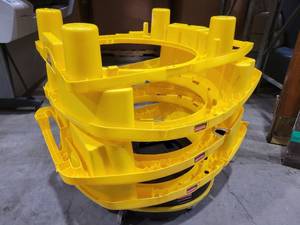 lot 27 image: Rubbermaid Custodial Brute Rings (529544) and Brute Vacuum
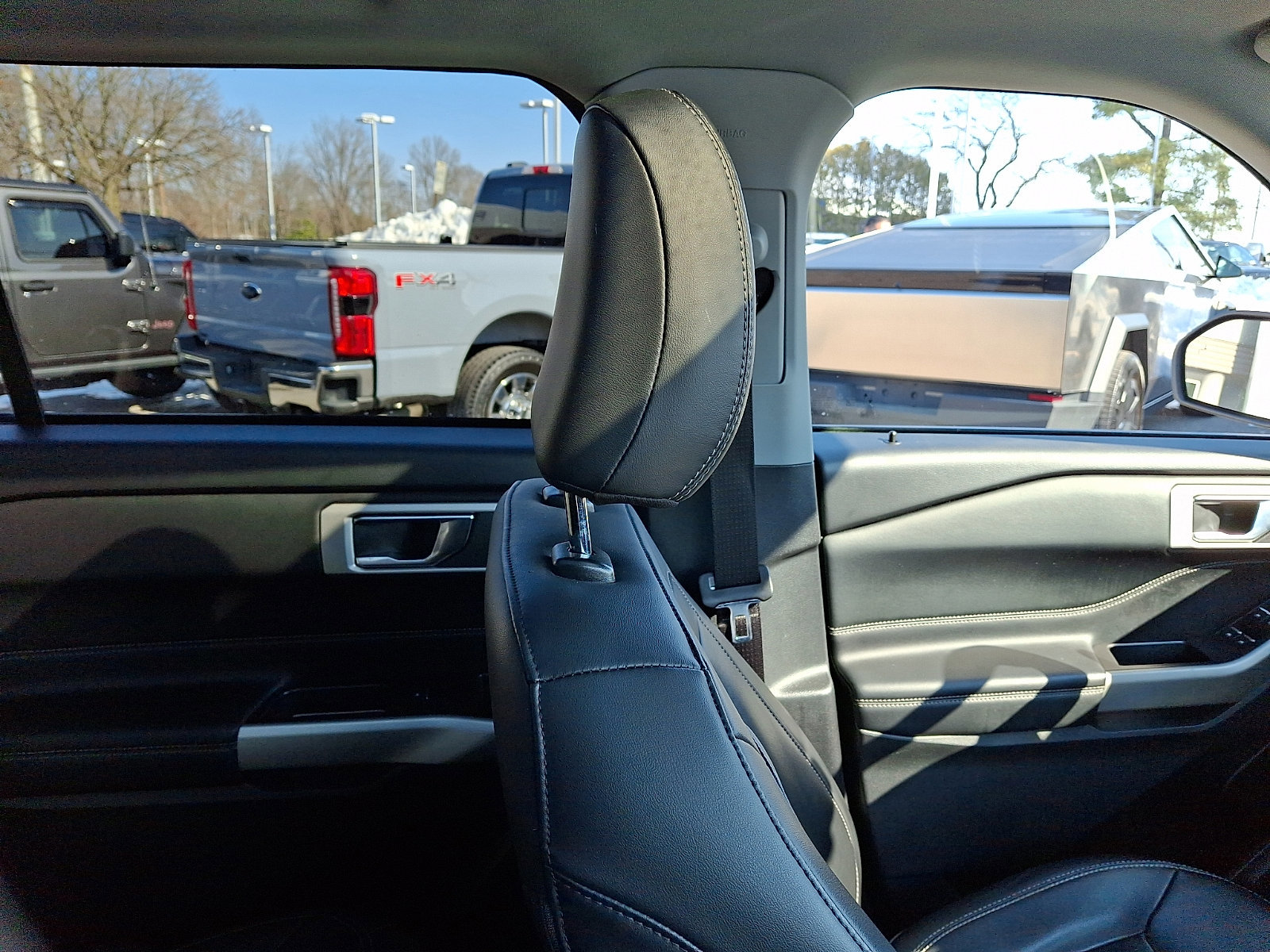 Certified 2022 Ford Explorer XLT w/ Equipment Group 202A image 13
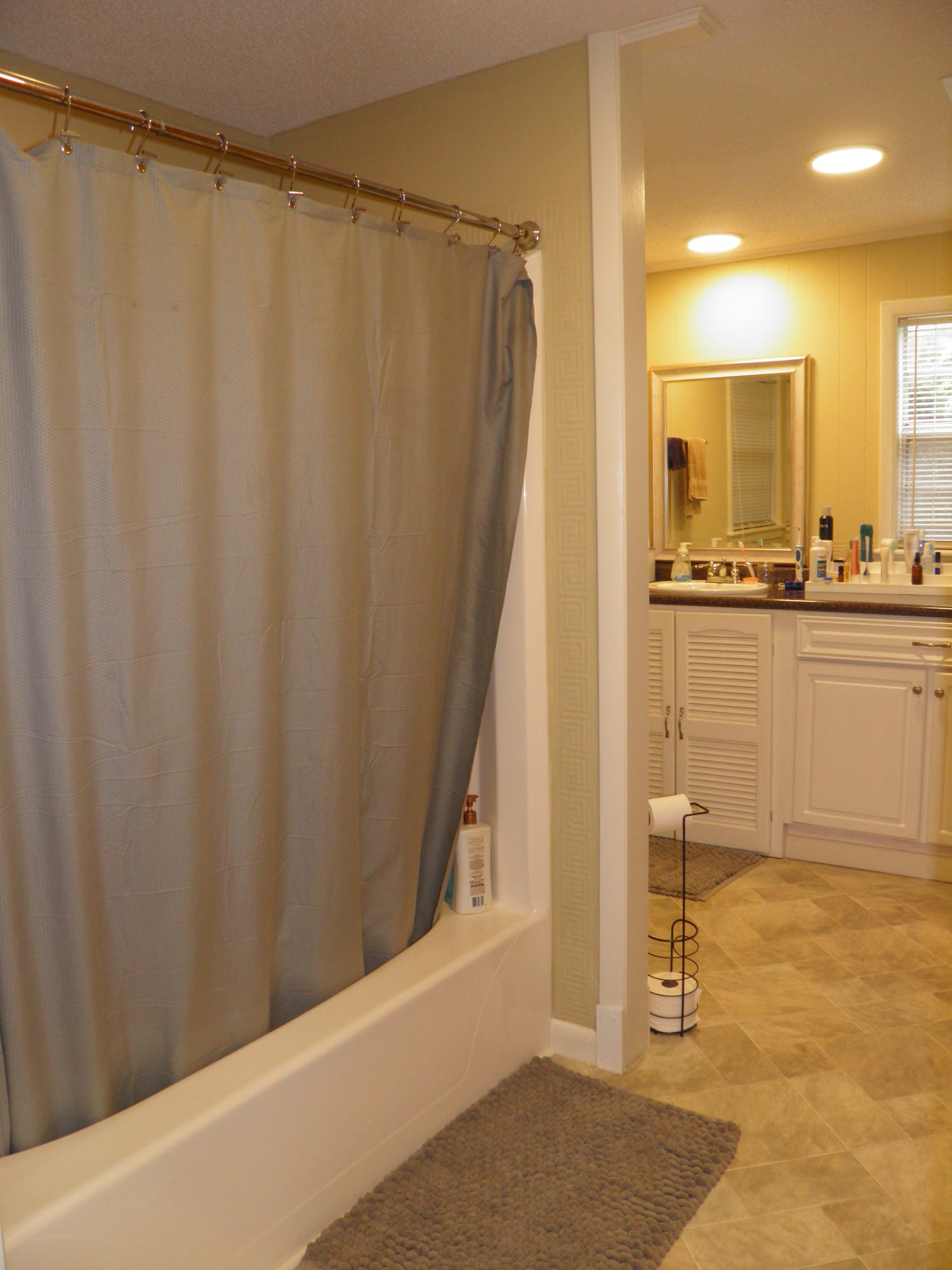 GARNIERS BEACH 2ND - Residential Lease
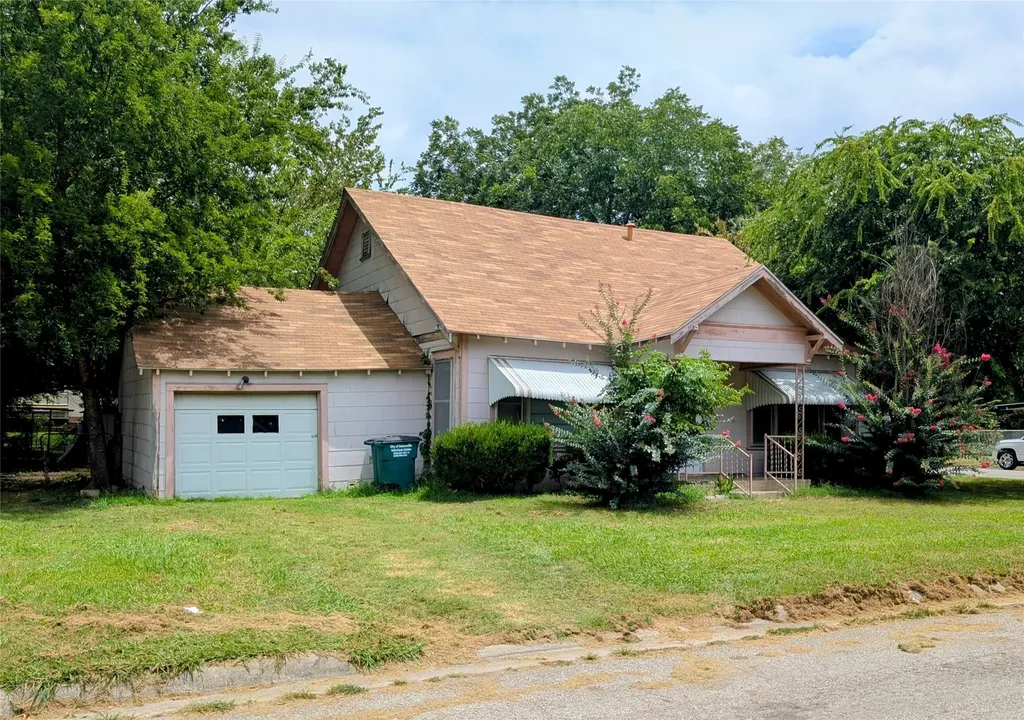 1000 N Morris Street Gainesville TX 76240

• **Exercise objective**: The lines needed are those from the one containing "GARNIERS BEACH 2ND - Residential Lease" through the end of the listing, given again word for word and without any picture.

• **Result of this task**:
 GARNIERS BEACH 2ND - Residential Lease
 1000 N Morris Street Gainesville TX 76240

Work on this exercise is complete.